Learn economics from your cookbooks

Asian ingredients

Jane recently pointed out a thought-provoking article from Foreign Policy - not a usual source of inspiration for these blogs. In his article, The Cookbook Theory of Economics, Tyler Cowen presents an insightful thesis on how to look at cuisine-specific cookbooks and judge the economic status of the underlying country and its possible future development - among other things.

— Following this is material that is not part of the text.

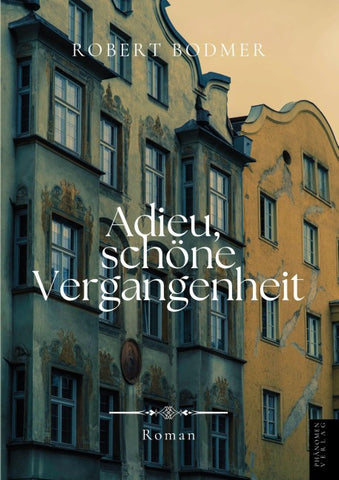 Adieu, schöne Vergangenheit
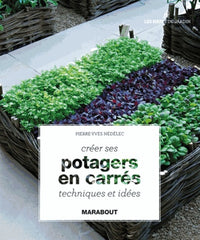 Créer ses potagers en carrés, techniques et idées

For example, take this paragraph: "Cookbooks -- the more practical kind -- also turn out to be good guides to which countries and regions are on the cusp of economic progress. Look at chef Marcus Samuelsson's African cookbook,  The Soul of a New Cuisine, or Naomi Duguid's  Burma: Rivers of Flavor, both of which are vast improvements on earlier offerings in their respective regions. It shouldn't be a surprise, then, that Africa's economies are booming at near double-digit growth rates or that Myanmar is going through a fundamental economic and political revolution, moving from a closed society to a globalizing developing country."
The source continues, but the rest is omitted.